I noticed a number of other non-standard but harmless things, like mutt being installed that don't really concern me. Speaking of mutt, I checked my email and found an order confirmation for the new instance. The email was in Chinese, so back to Google Translate we go... The email contains the root password in plaintext. PasswordAuthentication no was set in /etc/ssh/sshd_config, which is slightly less worrying, but then I found at the bottom of sshd_config that they'd overridden the default Ciphers and MACs. Several of the algorithms listed here are known to be weak or broken, so it's a bit scary to think about what motives they might have for changing the defaults, which would be updated as ciphers break.
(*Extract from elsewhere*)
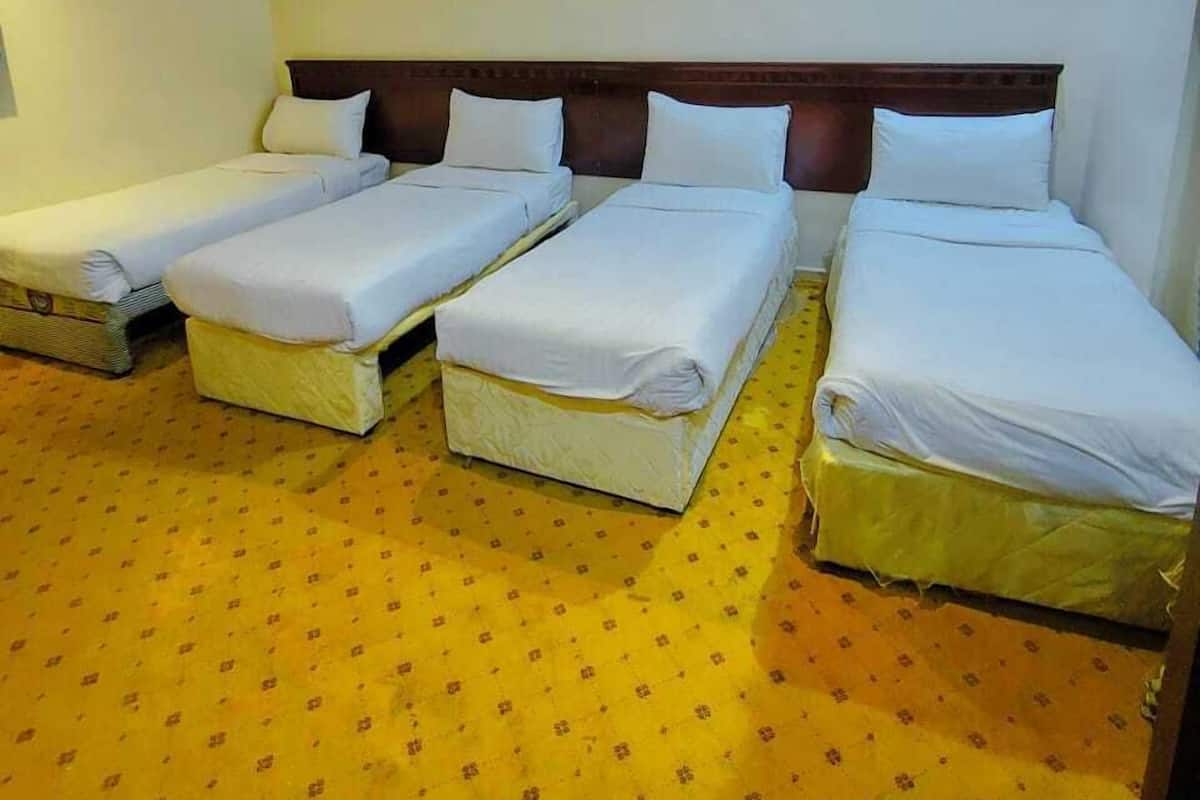 Chambre quadruple de base, vue sur la ville | Système d’insonorisation, accès au Wi-Fi (inclus)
These lists do contain some of the more recent algorithms, so perhaps there's nothing malicious going on here, as long as they don't have a way of forcing clients to downgrade.
At this point, I went back to poking around in the web console to see what sort of functionality was provided for controlling the instance from there. I'd noticed that a serial console was configured in the image, so I figured there'd be at least a serial viewer here. To my surprise, they have a web-based VNC solution with VGA output... So that explains why they'd email you the root password. There's no sign of a serial console though. Perhaps they used serial in an earlier version before they had VNC configured. Or maybe the serial console is a last resort for their support staff if you mess up the iptables config.
Some of the documentation has been translated into English, but it has the feel of a set of wiki pages and step-by-step notes rather than a comprehensive reference. Still, there's not a lot of additional information you need if you're just running a Linux instance. For the more complex services, it might be a bigger problem.
Overall, QCloud is more or less what I expected. It's a solid clone of AWS with a handful of features that are specific to China (like identity verification and business registration requirements). I'm vaguely unsettled by the ssh configuration and install scripts that go out of their way to wipe the logs, but overall it seems like a viable option if you need to run cheap servers in China. Far easier than getting colo space there.